Having identified various components utilized herein, it should be understood that any number of components and arrangements may be employed to achieve the desired functionality within the scope of the present disclosure. For example, the components in the embodiments depicted in the figures are shown with lines for the sake of conceptual clarity. Other arrangements of these and other components may also be implemented. For example, although some components are depicted as single components, many of the elements described herein may be implemented as discrete or distributed components or in conjunction with other components, and in any suitable combination and location. Some elements may be omitted altogether. Moreover, various functions described herein as being performed by one or more entities may be carried out by hardware, firmware, and/or software. For instance, various functions may be carried out by a processor executing instructions stored in memory. As such, other arrangements and elements (for example, machines, interfaces, functions, orders, and groupings of functions, and the like) can be used in addition to, or instead of, those shown.
Embodiments of the present disclosure have been described with the intent to be illustrative rather than restrictive. Embodiments described in the paragraphs above may be combined with one or more of the specifically described alternatives. In particular, an embodiment that is claimed may contain a reference, in the alternative, to more than one other embodiment. The embodiment that is claimed may specify a further limitation of the subject matter claimed. Alternative embodiments will become apparent to readers of this disclosure after and because of reading it. Alternative means of implementing the aforementioned can be completed without departing from the scope of the claims below. Certain features and sub-combinations are of utility and may be employed without reference to other features and sub-combinations and are contemplated within the scope of the claims.

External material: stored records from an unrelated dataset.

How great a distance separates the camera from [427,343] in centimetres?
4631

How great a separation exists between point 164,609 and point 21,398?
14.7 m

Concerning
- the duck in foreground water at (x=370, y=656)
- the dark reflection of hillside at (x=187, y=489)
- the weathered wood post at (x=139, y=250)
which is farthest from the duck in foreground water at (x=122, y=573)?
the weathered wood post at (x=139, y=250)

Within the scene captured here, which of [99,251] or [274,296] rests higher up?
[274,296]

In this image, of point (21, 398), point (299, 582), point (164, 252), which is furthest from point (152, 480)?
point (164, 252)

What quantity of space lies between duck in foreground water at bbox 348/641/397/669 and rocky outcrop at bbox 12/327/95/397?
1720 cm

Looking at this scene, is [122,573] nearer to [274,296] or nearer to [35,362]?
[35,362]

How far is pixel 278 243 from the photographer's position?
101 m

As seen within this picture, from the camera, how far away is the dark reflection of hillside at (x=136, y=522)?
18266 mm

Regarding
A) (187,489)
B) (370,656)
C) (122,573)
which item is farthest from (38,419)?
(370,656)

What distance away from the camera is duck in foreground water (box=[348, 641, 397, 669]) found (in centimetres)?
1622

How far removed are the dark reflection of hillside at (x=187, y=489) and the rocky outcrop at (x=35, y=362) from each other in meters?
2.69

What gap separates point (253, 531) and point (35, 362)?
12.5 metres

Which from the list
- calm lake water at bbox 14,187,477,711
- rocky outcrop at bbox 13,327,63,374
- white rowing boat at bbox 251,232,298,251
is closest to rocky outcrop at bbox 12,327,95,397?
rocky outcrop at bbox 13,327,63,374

Many different arrangements of the various components depicted, as well as components not shown, are possible without departing from the scope of the claims below. Embodiments in this disclosure are described with the intent to be illustrative rather than restrictive. Alternative embodiments will become apparent to readers of this disclosure after and because of reading it. Alternative means of implementing the aforementioned can be completed without departing from the scope of the claims below. Certain features and subcombinations are of utility and may be employed without reference to other features and subcombinations and are contemplated within the scope of the claims.

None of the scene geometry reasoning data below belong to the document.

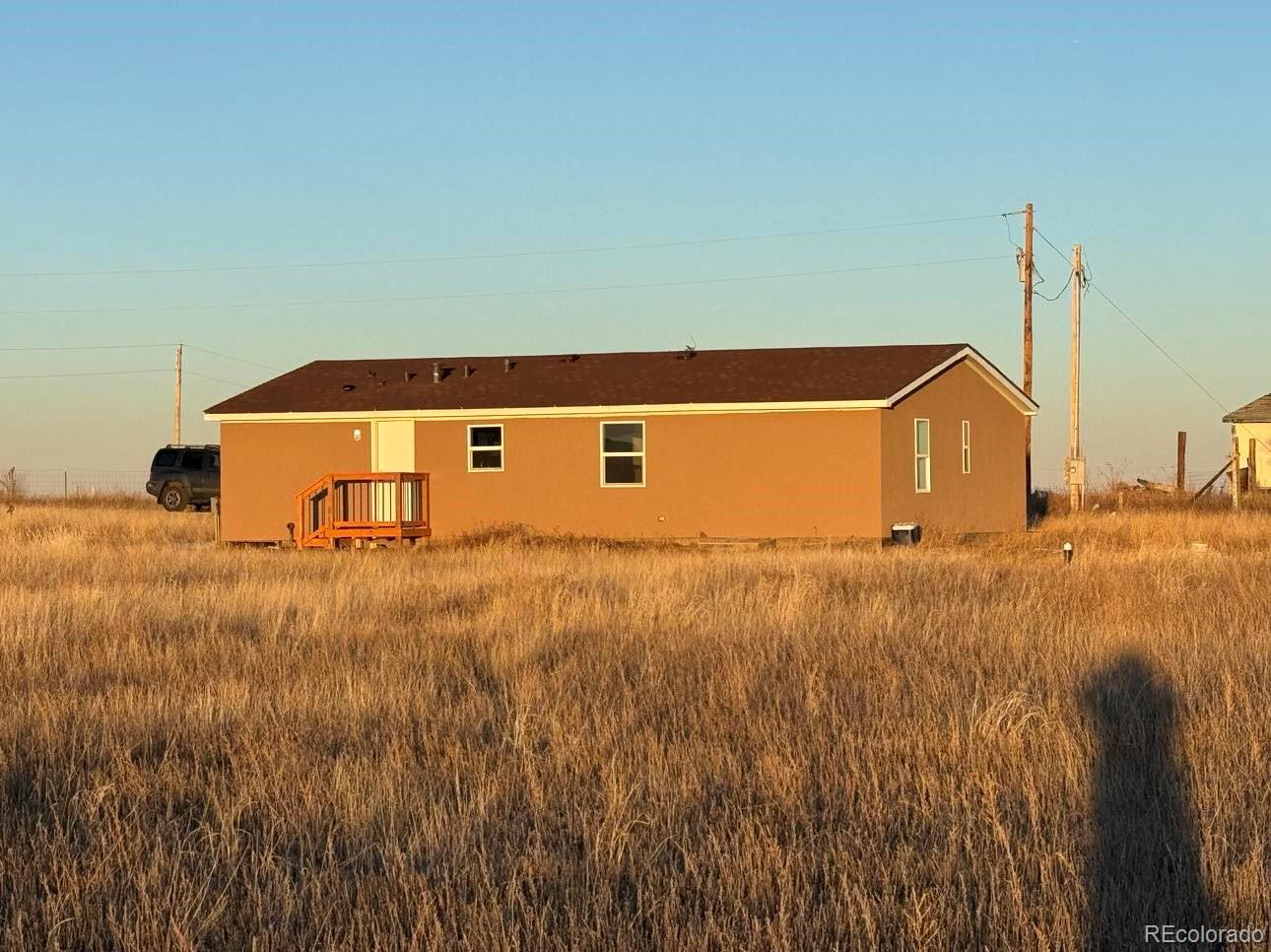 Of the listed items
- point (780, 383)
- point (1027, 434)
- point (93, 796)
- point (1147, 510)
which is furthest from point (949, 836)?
point (1147, 510)

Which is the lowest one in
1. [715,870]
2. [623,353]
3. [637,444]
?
[715,870]

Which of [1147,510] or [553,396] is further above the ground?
[553,396]

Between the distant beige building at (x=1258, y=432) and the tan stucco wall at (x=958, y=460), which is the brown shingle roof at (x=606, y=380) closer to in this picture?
the tan stucco wall at (x=958, y=460)

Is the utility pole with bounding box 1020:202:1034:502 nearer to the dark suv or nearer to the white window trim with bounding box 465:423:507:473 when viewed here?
the white window trim with bounding box 465:423:507:473

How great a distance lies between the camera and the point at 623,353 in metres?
32.6

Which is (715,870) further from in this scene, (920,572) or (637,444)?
(637,444)

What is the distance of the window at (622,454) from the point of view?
2841cm

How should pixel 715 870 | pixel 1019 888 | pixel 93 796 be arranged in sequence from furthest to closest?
pixel 93 796, pixel 715 870, pixel 1019 888

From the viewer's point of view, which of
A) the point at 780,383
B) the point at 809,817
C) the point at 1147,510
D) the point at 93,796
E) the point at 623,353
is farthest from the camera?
the point at 1147,510

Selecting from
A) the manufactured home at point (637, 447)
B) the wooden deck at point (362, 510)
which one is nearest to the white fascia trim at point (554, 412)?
the manufactured home at point (637, 447)

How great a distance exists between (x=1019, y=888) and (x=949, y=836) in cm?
75

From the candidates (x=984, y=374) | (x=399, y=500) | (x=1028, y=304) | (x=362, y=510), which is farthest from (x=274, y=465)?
(x=1028, y=304)

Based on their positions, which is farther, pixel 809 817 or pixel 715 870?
pixel 809 817

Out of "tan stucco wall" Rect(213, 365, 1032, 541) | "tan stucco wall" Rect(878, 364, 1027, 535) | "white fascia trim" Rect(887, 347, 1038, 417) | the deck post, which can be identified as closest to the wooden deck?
Result: the deck post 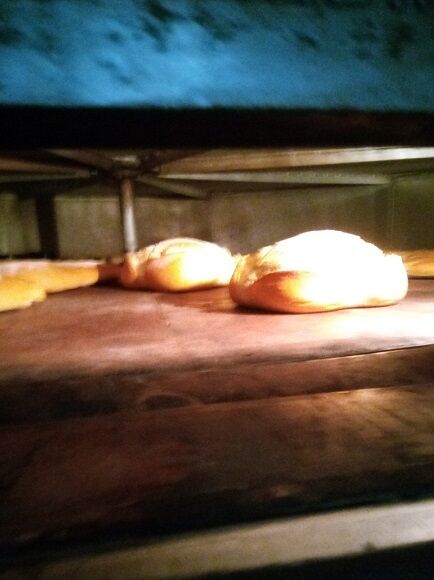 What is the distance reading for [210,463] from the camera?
0.62 metres

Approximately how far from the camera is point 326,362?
994 mm

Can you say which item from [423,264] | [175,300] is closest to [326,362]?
[175,300]

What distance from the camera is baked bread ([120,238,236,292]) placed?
1939 mm

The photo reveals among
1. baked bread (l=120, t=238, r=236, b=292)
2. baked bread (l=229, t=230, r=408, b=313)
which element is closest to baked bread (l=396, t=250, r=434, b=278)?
baked bread (l=229, t=230, r=408, b=313)

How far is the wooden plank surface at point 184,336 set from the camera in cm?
104

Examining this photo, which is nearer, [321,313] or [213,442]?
[213,442]

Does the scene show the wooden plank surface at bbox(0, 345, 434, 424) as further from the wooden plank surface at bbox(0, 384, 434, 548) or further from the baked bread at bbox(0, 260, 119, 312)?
the baked bread at bbox(0, 260, 119, 312)

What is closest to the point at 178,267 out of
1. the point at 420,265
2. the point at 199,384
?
the point at 199,384

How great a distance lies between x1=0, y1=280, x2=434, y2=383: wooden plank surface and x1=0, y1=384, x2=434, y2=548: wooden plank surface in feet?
0.83

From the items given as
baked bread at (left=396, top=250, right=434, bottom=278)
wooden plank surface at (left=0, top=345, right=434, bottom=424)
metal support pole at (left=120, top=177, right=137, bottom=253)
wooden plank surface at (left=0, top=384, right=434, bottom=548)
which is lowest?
wooden plank surface at (left=0, top=384, right=434, bottom=548)

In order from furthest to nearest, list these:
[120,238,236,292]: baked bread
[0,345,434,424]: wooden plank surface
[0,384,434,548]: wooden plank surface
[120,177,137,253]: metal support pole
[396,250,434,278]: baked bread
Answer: [120,177,137,253]: metal support pole < [396,250,434,278]: baked bread < [120,238,236,292]: baked bread < [0,345,434,424]: wooden plank surface < [0,384,434,548]: wooden plank surface

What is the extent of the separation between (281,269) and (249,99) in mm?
1020

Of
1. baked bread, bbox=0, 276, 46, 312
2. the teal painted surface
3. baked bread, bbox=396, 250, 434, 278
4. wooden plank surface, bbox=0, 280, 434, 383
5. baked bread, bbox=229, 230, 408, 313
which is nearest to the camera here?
the teal painted surface

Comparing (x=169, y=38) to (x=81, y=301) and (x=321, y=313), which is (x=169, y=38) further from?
(x=81, y=301) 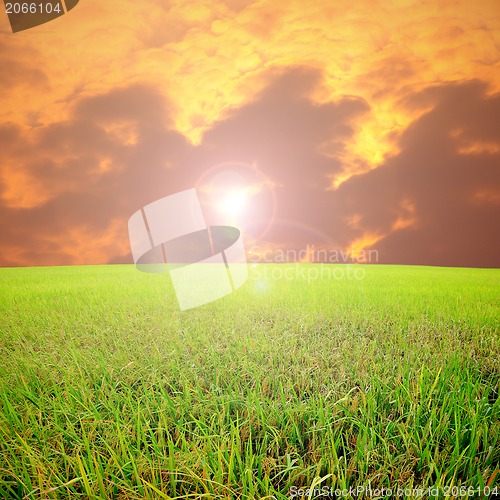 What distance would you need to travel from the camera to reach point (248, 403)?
5.81 ft

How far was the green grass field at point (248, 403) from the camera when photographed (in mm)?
1320

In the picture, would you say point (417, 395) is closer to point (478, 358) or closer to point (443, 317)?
point (478, 358)

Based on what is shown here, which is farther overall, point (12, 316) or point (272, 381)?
point (12, 316)

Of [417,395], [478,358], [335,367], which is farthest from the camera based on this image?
[478,358]

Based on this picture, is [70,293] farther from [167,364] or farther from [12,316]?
[167,364]

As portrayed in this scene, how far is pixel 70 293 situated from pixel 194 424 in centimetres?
600

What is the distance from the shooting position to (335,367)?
2.45 metres

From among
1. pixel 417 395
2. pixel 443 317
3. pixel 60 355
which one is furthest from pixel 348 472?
pixel 443 317

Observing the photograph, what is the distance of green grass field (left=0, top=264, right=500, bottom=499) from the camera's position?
1.32 meters

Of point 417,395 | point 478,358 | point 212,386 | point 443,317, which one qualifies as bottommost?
point 443,317

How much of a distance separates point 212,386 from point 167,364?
618 millimetres

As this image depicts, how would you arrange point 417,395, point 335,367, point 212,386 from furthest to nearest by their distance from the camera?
point 335,367
point 212,386
point 417,395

In the preceding detailed description, reference is made to the accompanying drawings which form a part hereof wherein like numerals designate like parts throughout, and in which is shown, by way of illustration, embodiments that may be practiced. It is to be understood that other embodiments may be utilized and structural or logical changes may be made without departing from the scope of the present disclosure. Therefore, the preceding detailed description is not to be taken in the limiting sense, and the scope of embodiments is defined by the appended claims and their equivalents.